→ **Exercise**
State only how many lines of the records contain the string "different".

→ **Data section**
[Start of Attachment]
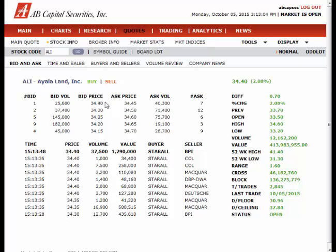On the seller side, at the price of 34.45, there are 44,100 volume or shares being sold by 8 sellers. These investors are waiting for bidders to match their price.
[End of Attachment]
[Start of Attachment]
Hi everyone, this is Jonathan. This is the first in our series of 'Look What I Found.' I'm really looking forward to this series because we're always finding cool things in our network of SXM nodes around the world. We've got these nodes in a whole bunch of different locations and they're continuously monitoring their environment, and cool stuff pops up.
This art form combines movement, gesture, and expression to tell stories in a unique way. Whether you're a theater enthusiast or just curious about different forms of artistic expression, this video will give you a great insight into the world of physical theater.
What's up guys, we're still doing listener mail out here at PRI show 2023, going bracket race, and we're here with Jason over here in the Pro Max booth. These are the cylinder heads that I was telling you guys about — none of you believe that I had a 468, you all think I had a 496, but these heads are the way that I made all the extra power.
[End of Attachment]
→ **Written response**
2